Minnesota’s porous defense heads to Miami on Sunday to face a desperate Dolphins team that’s lost two straight games after a 3-0 start. Miami is looking to reinvigorate its passing attack. The first three weeks of the NFL season were good for the Dolphins, as they accumulated 1,066 yards and 83 points. Much of that production was anchored by a seemingly elite pass attack led by Tua Tagovailoa.
Teddy Bridgewater is working through concussion protocol this week, and Tagovailoa isn’t ready to suit up. Skylar Thompson, the Dolphins’ third-string rookie quarterback who looked sensational in the preseason, will lead their attack. Tyreek Hill and other leaders on Miami’s offense are poised to refocus their struggling offense. Luckily for them, they’re playing the Vikings.
I wouldn’t be shocked if Thompson and an angry wide receiver corps sliced and diced the Vikings’ secondary, leading to a Dolphins win. After all, the Vikings’ defense permits a staggering 70% completion percentage to opposing quarterbacks. Only the Green Bay Packers are worse (72.93%).
I just can’t trust Minnesota’s defense, and they have other glaring concerns. Until that changes, they’ll be tough to back as an ATS favorite.
The Eagles are Better Than and Will Beat the Cowboys
We can’t make this claim yet. The Eagles are pound-for-pound one of the most talented (if not the most talented) rosters in the NFL. That much is unquestionable. Loaded at every positional group, Philadelphia is an automatic matchup problem for most teams. That’s true when they face the Dallas Cowboys, too.

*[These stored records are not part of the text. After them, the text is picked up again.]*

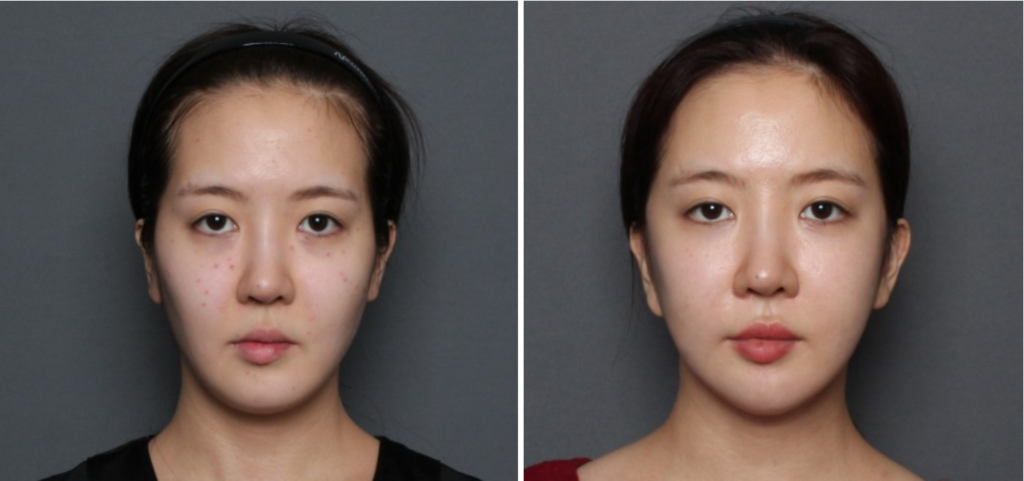 THEPLAN美容整形外科・皮膚科にて切開リフトを行った20代から30代の女性の正面の写真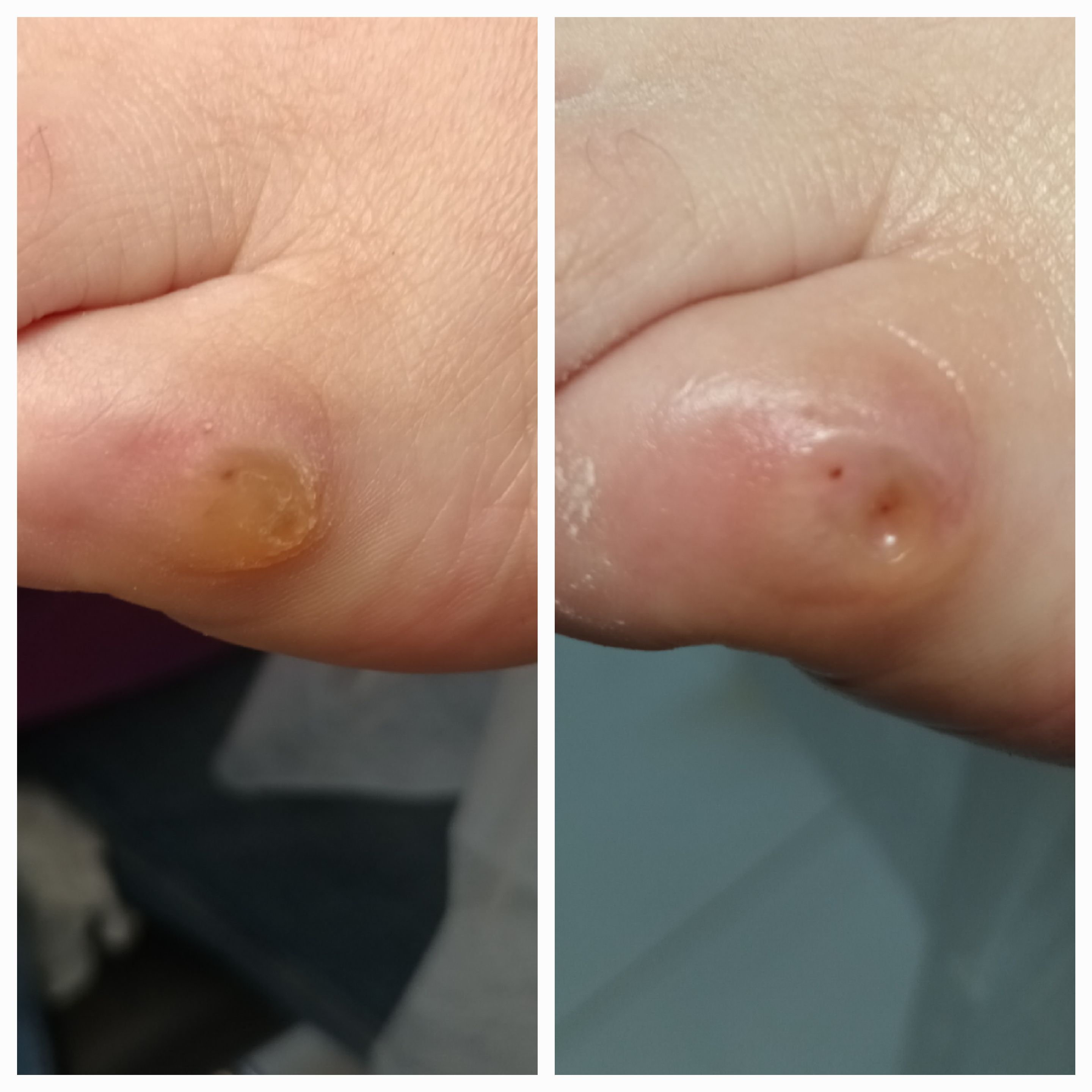 Usuwanie modzeli i odcisków - zdjęcie 2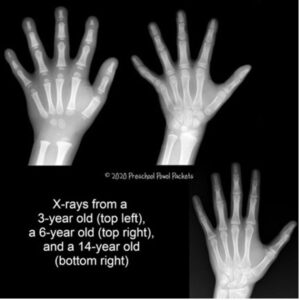 x-rays of children's hands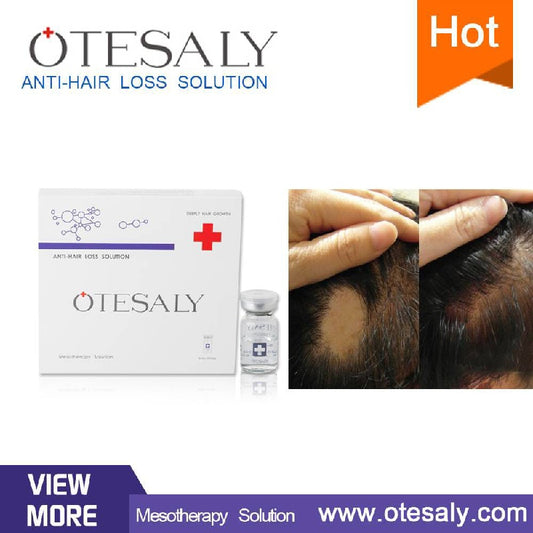 Otesaly Anti Hair Loss Solution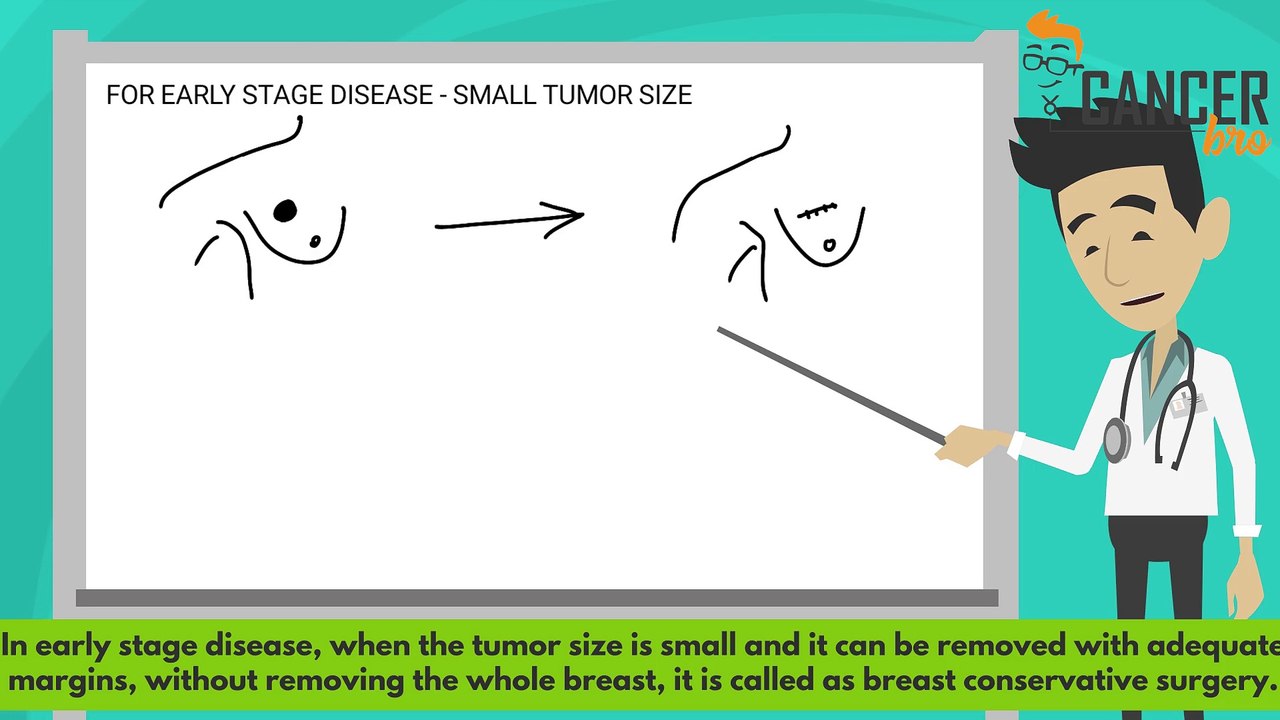CancerBro explains types of breast cancer surgery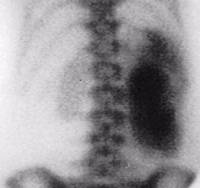 Urine Extravasation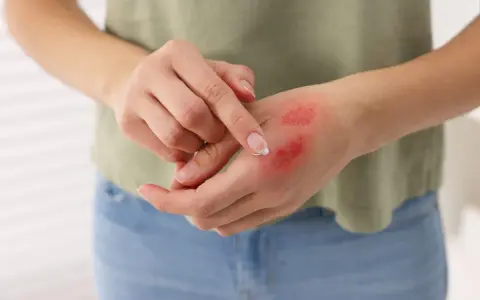 Mano con bruciatura da piastra, arrossata e con crema applicata.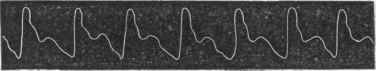Trace of the Radial Pulse under the influence of Increased Temperature.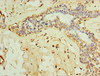 Immunohistochemistry of paraffin-embedded human breast cancer using CSB-PA810313ESR1HU at dilution of 1:100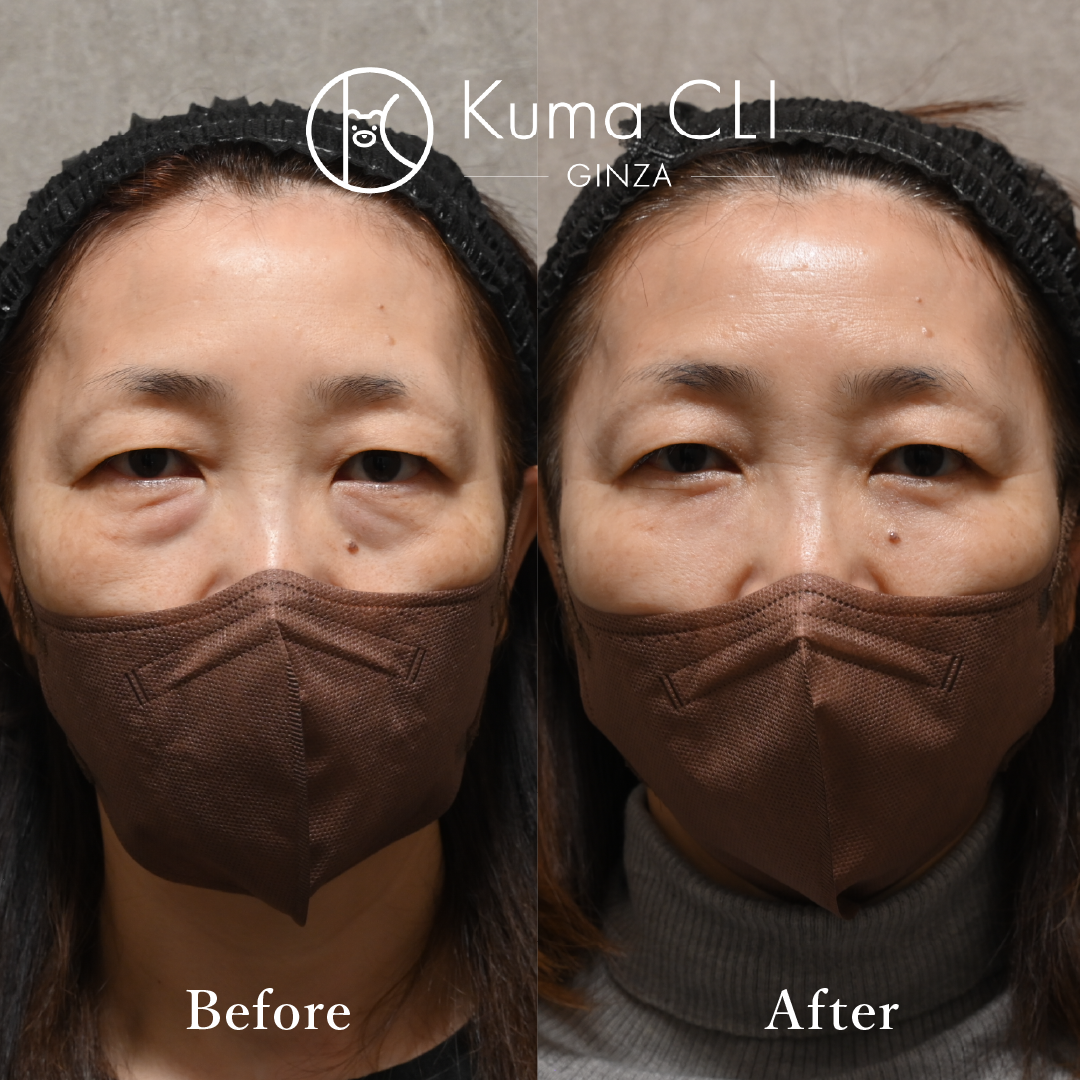 Subciliary Orbital Fat Repositioning evo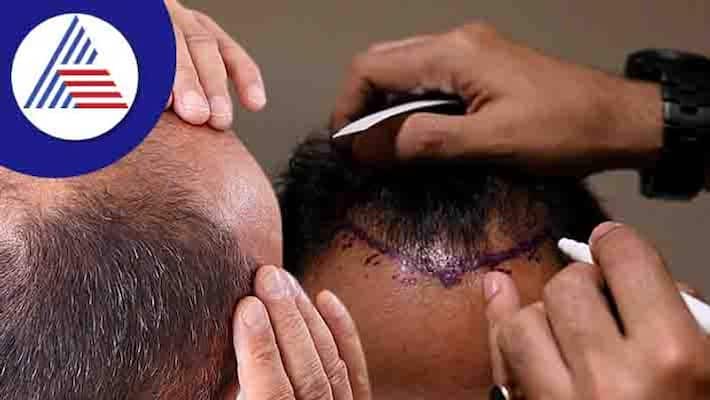 A man died after a hair transplant surgery went awry. The reason was the negligence of the doctors.. Where? A man died after a hair transplant surgery went awry. The reason was the negligence of the doctors.. Where?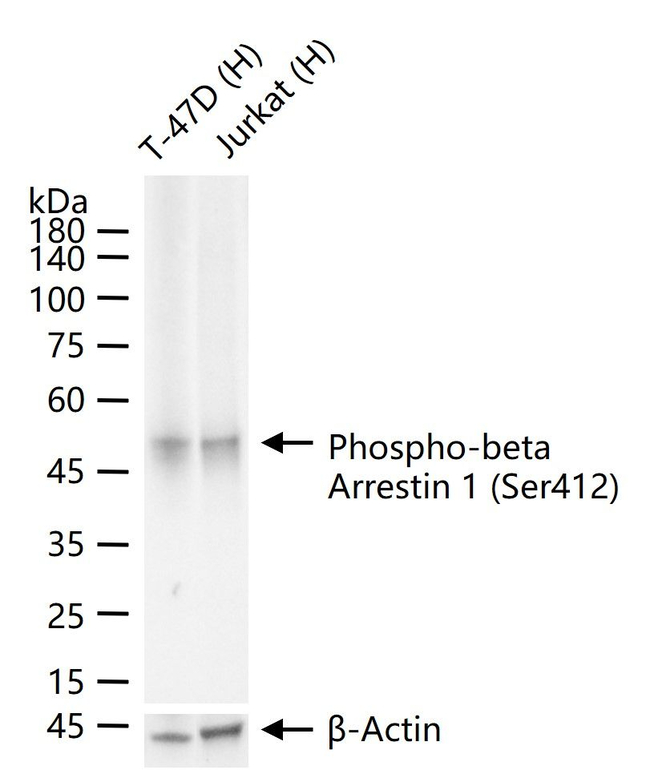 Phospho-beta Arrestin 1 (Ser412) Antibody in Western Blot (WB)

But, what the Eagles lack are intangibles that might give the Cowboys a competitive advantage. First among those intangibles is experience. Dak Prescott won’t play in Week 6, but the Cowboys’ roster is full of experienced leaders on both sides of the ball. Many of them– Ezekiel Elliot, Zack Martin, DeMarcus Lawrence, Leighton Vander-Esch and Anthony Brown– have played together in big-game situations.
Dallas coach Mike McCarthy, who’s been in the NFL for 30 years, is one of the winningest coaches against the spread in league history. His career ATS record in more than 261 games stands at 63%. Like it or not, McCarthy covers, and his Cowboys are heading into Sunday night on a four-game ATS win streak.
While the Eagles are a top-10 team in virtually every critical category, the Cowboys’ defense might still be the best unit on the field. Check out these eye-popping statistics through the first five weeks of the season. The Cowboys’ defense:
- Averages four sacks per game
- Only allows one touchdown per game
- Allows opponents to score touchdowns on only 33.3% of their red zone opportunities
- Only allows 5.2 yards per pass play
- They are allowing 14.4 points per game
They’ve been stingy, to say the least. Micah Parsons leads an aggressive and confident group of pass rushers into Philadelphia, and we think it’ll be Jalen Hurts’ first big test. Hurts hasn’t done much of anything wrong through the first five weeks. He’s thrown for 1,359 passing yards at a 68% completion rate, and he’s rushed for 266 yards. He has 10 total touchdowns, and his team is 5-0.
Regardless, besides a 14-0 deficit at home to the maturing Jaguars, Hurts hasn’t faced much adversity yet. The Eagles easily could have lost last week at Arizona. They were legitimately outplayed for much of the second half, but a late missed field goal granted Philly another win. Hurts did enough against a bad Cardinals defense, but it won’t be as easy this weekend.
The Eagles are up to 6-point favorites at home Sunday night. In my professional opinion, I wouldn’t bet them to cover that line.